Von Dattenberg began: “Under the Geneva Convention—”

“Oh, for Christ’s sake!” Frade said disgustedly, and then went on: “Cutting to the chase, let me tell you what’s going to happen, Kapitän, if in the next thirty minutes you do not answer fully and honestly any questions we put to you—”

“Give me a minute, Clete,” von Wachtstein said.

Frade looked at him for ten seconds.

“I’ll give you three minutes, Hansel,” Frade said. He raised his left wrist and punched a button on his Marine Corps–issued pilot’s chronometer. “Have at it. The clock is running.”

“Willi—” von Wachtstein began.

“Under these circumstances, Major von Wachtstein, please do me the courtesy of addressing me by my rank,” von Dattenberg said.

“As you wish, Herr Fregattenkapitän,” von Wachtstein said softly, after a moment. “We must never forget for a moment that we are officers and gentlemen in the service of our beloved Germany, correct?”

“Who both swore a holy oath of loyalty to the Führer,” von Dattenberg said.

“I’m sure Claus von Stauffenberg, who we both know was always a better Christian than either of us, Herr Fregattenkapitän, had that holy oath in mind when he placed that bomb under the map table at Wolfsschanze. And had it in his mind the next day when he was standing against the wall on Bendlerstrasse waiting for the SS to shoot him for high treason.”

“Claus was—may God forgive him—a traitor,” von Dattenberg said.

“And so apparently was my father, and I’m sure he had that hol

y oath in mind when he was hanging naked in the execution hut in the Bendlerblock, being very slowly choked to unconsciousness, and then revived, and then choked again—over and over again, until God, in his mercy, took his life.”

“Treason is treason,” von Dattenberg said, his voice on the edge of breaking.

“Get him talking, Hansel, or I’ll kill the sonofabitch right here and now,” Frade said. “To hell with flying him to your beloved fucking Germany for trial—”

Von Wachtstein held up his hand to silence him.

“We’ve learned, Willi,” von Wachtstein went on calmly, “that Claus’s last words were ‘May God save our beloved Germany.’ We don’t know what Admiral Canaris was thinking when he was hung, naked, from a gallows at the Flossenbürg Konzentrationslager, of course. . . .”

“Admiral Canaris was hung?” von Dattenberg asked softly.

“He was as much a traitor as was Claus and my father—and Karl Boltitz’s father.”

“Karl?
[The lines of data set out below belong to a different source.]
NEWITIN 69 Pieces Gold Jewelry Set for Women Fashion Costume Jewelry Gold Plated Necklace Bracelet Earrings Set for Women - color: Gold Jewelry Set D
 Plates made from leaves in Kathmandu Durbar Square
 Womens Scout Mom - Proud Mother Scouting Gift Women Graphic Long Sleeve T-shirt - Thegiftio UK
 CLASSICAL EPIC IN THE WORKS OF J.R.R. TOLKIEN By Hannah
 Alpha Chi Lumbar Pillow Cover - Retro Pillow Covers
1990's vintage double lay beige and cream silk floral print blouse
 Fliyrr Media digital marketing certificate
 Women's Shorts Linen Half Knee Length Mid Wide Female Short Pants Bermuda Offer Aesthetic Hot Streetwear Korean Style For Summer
Is Karl alive?”

Von Wachtstein nodded.

“He is in Narvik, looking for his father. Unfortunately, it looks as if Admiral Boltitz chose jumping into a Norwegian fjord over facing a People’s Court for treason and being strangled to death.”

“And Karl was a . . .”

“Was Karl a traitor? Yes, he was. And, I tell you proudly, my old friend Willi, so am I. Not a traitor to the Code of Honor under which the von Wachtsteins and the von Dattenbergs have lived for hundreds of years. But, yes, a traitor to the Austrian corporal and all the evil men around him who brought to our beloved Germany shame and—”

“Time’s up, Hansel,” Frade said, tapping his wristwatch crystal.

Von Wachtstein, ignoring him, went on: “What my honor as an officer demands now, Willi, is that I do whatever is necessary to keep Nazis from finding refuge here in Argentina. I demand that you not only tell us who, where, and what you put ashore from U-405, but that you give me your word as a German officer that you will do whatever General Martín asks you to do.”

“My cup runneth over,” Frade said. “I have had more of this honor-of-the-officer-corps bullshit—German and Argentine—than I can swallow. See if you can make your pal understand that he’s about sixty seconds from getting shot and being buried in an unmarked grave on the Pampas.”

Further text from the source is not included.